BEGIN INPUT MATERIAL

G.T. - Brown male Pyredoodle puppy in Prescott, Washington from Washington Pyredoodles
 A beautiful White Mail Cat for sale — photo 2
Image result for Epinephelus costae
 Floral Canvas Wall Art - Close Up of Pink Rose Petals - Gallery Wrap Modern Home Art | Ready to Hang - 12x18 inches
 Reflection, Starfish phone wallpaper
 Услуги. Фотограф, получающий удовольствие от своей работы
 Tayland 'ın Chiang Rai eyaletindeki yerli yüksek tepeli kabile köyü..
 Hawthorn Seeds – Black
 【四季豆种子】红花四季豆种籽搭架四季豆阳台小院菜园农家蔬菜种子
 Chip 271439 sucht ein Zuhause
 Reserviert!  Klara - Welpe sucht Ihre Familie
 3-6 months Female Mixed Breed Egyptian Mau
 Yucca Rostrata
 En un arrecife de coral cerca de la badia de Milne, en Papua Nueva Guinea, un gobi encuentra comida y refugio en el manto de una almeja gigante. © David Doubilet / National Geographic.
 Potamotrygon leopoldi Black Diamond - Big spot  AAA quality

END INPUT MATERIAL

*WHAT IS NEEDED*
Once you have read the entries, repeat them all exactly.

*RESULT BELOW*
G.T. - Brown male Pyredoodle puppy in Prescott, Washington from Washington Pyredoodles
 A beautiful White Mail Cat for sale — photo 2
Image result for Epinephelus costae
 Floral Canvas Wall Art - Close Up of Pink Rose Petals - Gallery Wrap Modern Home Art | Ready to Hang - 12x18 inches
 Reflection, Starfish phone wallpaper
 Услуги. Фотограф, получающий удовольствие от своей работы
 Tayland 'ın Chiang Rai eyaletindeki yerli yüksek tepeli kabile köyü..
 Hawthorn Seeds – Black
 【四季豆种子】红花四季豆种籽搭架四季豆阳台小院菜园农家蔬菜种子
 Chip 271439 sucht ein Zuhause
 Reserviert!  Klara - Welpe sucht Ihre Familie
 3-6 months Female Mixed Breed Egyptian Mau
 Yucca Rostrata
 En un arrecife de coral cerca de la badia de Milne, en Papua Nueva Guinea, un gobi encuentra comida y refugio en el manto de una almeja gigante. © David Doubilet / National Geographic.
 Potamotrygon leopoldi Black Diamond - Big spot  AAA quality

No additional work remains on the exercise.